(El Sondido de la Muerte)
Spain. 1965.
Crew
Director – J.A. Nieves Conde, Screenplay – Sam X. Arbarbanel, Jose Antonio Nieves Conde, Gregorio Sacristan & Gregg Tallas, Story – Sam X. Arbarbanel, Producer – Gregorio Sacristan, Photography (b&w) – Manuel Berengeur, Music – Luis De Pablo, Special Effects – Manuel Baquero, Makeup – Carlos Nin, Art Direction – Espinosa & Gil Parrondo. Production Company – Zurbano Films.
Cast
James Philbrook (Dr Asilov), Arturo Fernandez (Pete), Antonio Casas (Professor Andre), Soledad Miranda (Maria), Jose Bodalo (Dorman), Ingrid Pitt (Sofia Minelli), Lola Gaos (Calliope), Francisco Piquer (Stravos)
Plot
A group of archaeologists congregate on a cave in the Greek mountains with two halves of a treasure map, seeking a great fortune in gold that is supposed to be buried there. The locals hold the valley is fear and will not enter. Their blasting in the cave uncovers a mummified body. They are then attacked by something that emits an unearthly sound and claws members of the party to death. They realise they have managed to uncover an invisible monster.

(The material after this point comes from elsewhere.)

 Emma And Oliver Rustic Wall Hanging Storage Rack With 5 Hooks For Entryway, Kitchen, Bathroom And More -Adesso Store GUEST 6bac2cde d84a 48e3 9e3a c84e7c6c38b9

There have been films about invisible monsters and unseen threats before. Val Lewton’s Cat People (1942), the classic ghost story The Haunting (1963), which came out just before this, and to some extent Night of the Demon/Curse of the Demon (1957) all featured monsters that were never seen, only suggested. In showing little or nothing, each in their own way became masterpieces of psychological, suggested horror. This is certainly a fantastic legacy for any film to be following.

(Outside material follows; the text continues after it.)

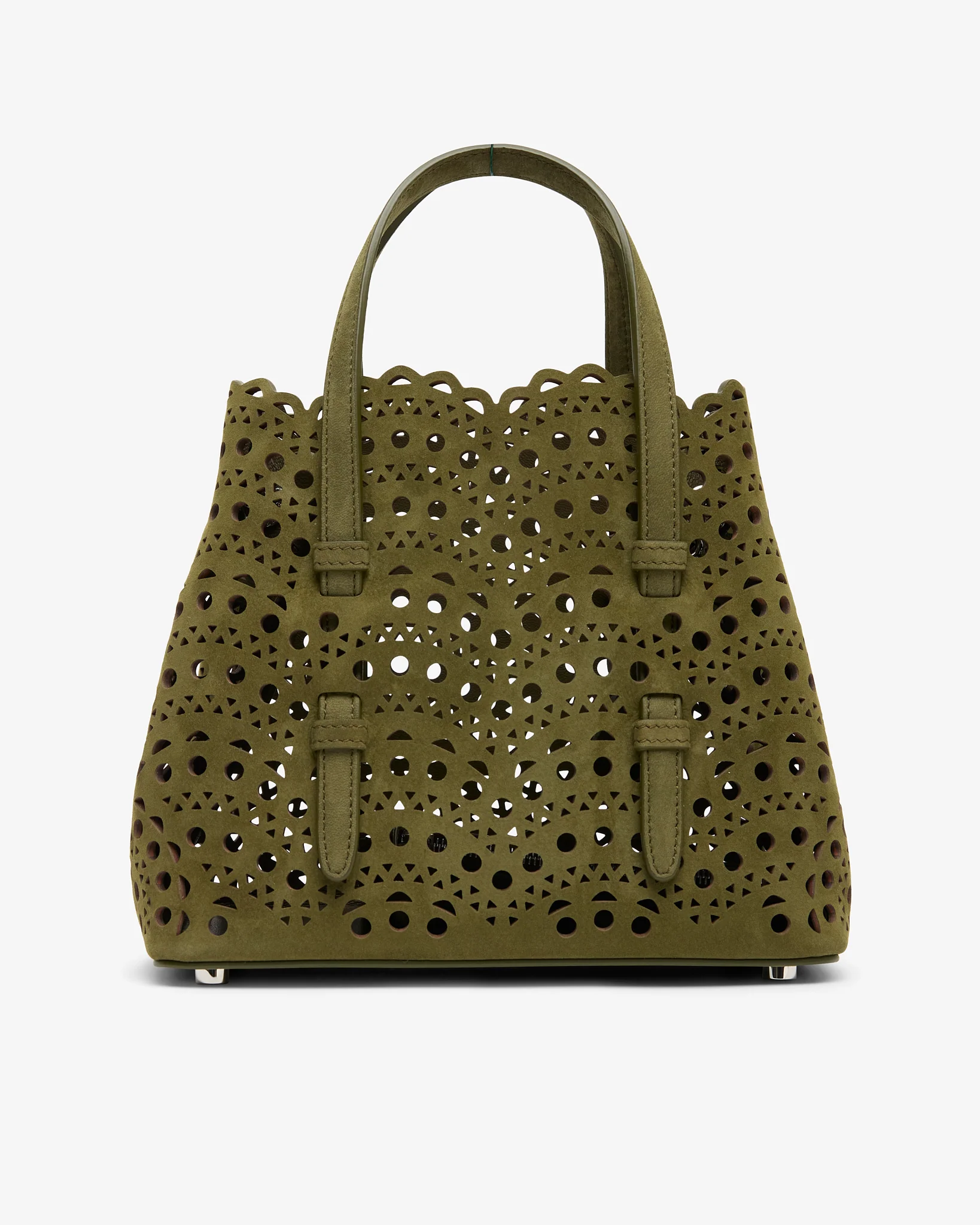 Mina 20 camouflage green suede tote bag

You could also point to Forbidden Planet (1956) as another classic that features a monster that is literally invisible. The more likely comparison with Sound of Horror though is Invisible Invaders (1959) where the invisibility of the invading aliens proved a convenient means for a low-budget film to crimp on providing effects (although it should be said in the case of Invisible Invaders that this nevertheless resulted in a watchable film). Sound of Horror offers up invisible monster – some genre works insist on referring to it as an invisible dinosaur, although there is nothing in the film that suggests the creature’s origin is prehistoric (or for that matter explains it at all).

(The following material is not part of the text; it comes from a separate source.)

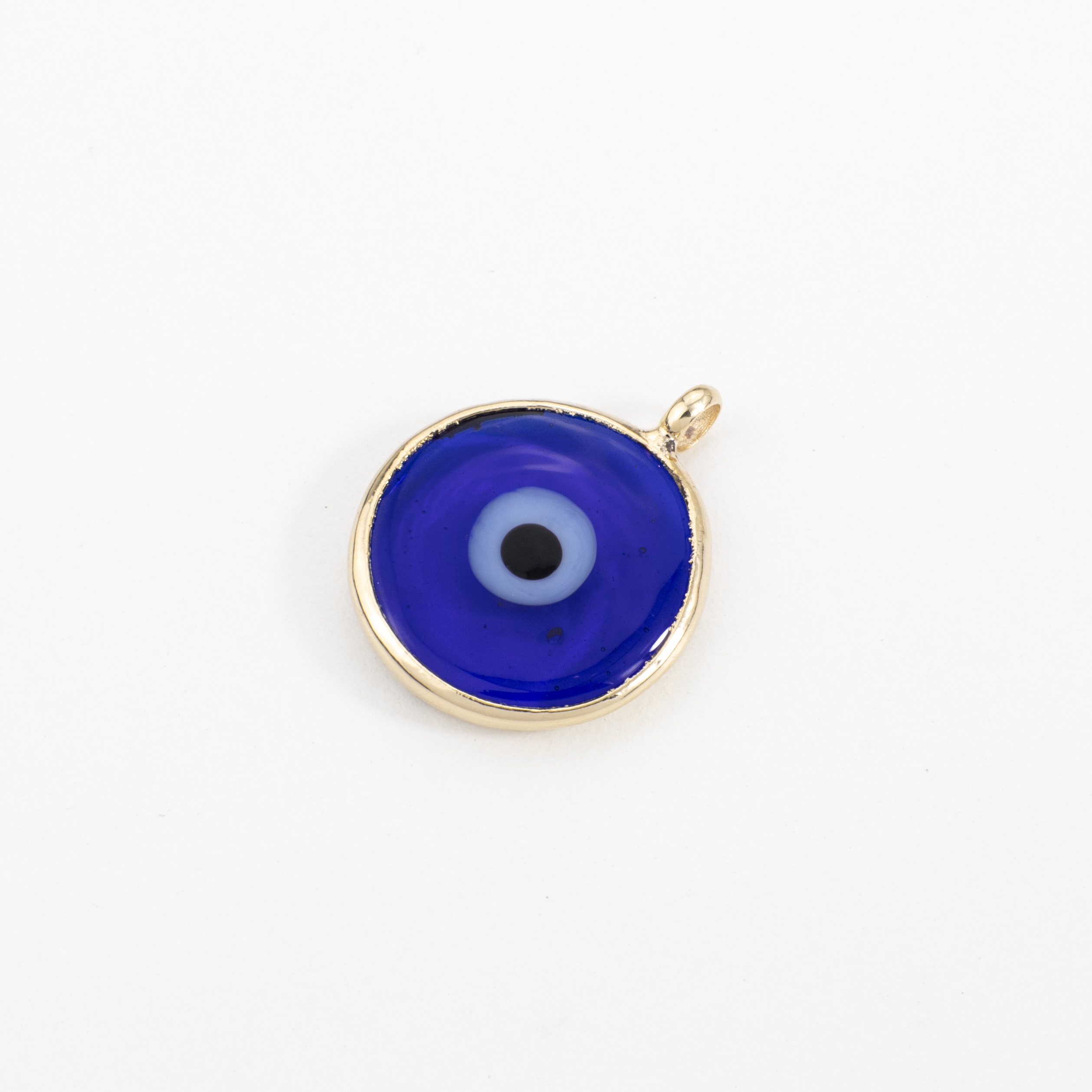 9495 Blue and White Eye Round Bizel Charm 20mm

It is hard to think of another film in recent memory I have watched that is so mind-numbingly dull and boring as this. People seem to sit around the house in the valley talking for almost the entire film. Some of these conversations seem to go on and on without direction – in particular, a long scene where driver Arturo Fernandez talks about his other car, his job as a chauffeur and so on. It is only right near the end of the film where the film develops a vague siege situation and not until the last fifteen minutes where the group stir out of sitting around to do something to combat the monster.
The film’s great failing is that its’ provision of an invisible monster is not for any reason that allows it to be subtle and create something by suggestion or psychological ambiguity as in Cat People, The Haunting et al, but simply one that has allowed it to be as cheap as possible and avoid any special or creature effects. Indeed, this may well count as quite possibly the world’s first (almost entirely) effects free monster movie. Even then, of the invisible monster’s appearances, we get almost nothing – a few howling noises heard in the cave and then some brief shots of cast members turning up with their faces clawed. The most we ever get is the scene right towards the end where the party realise they can track it by sprinkling flour across the ground outside the house and we see some claw prints appear. This is followed by the thoroughly ridiculous image of them throwing axes at the monster and a single shot of the sight of two axes moving horizontally across the screen embedded in its invisible body. There is also a final scene where they flee in a truck and it invisibly tears the roof off the back before they eliminate it by setting the truck on fire.
Surprisingly, Sound of Horror is worth noting for some cases of faces before they were famous. In a minor role as one of the girls of the party is Polish-born actress Ingrid Pitt, later to gain fame as a heroine in Hammer films such as Countess Dracula (1971) and The Vampire Lovers (1970), as well as other Anglo-horror efforts like The House That Dripped Blood (1970) and The Wicker Man (1973). The lead actress is Soldead Miranda, who gained fame as one of Jesus Franco’s lead actresses in the likes of Count Dracula (1970) and Vampyros Lesbos (1970) before her untimely death in 1970.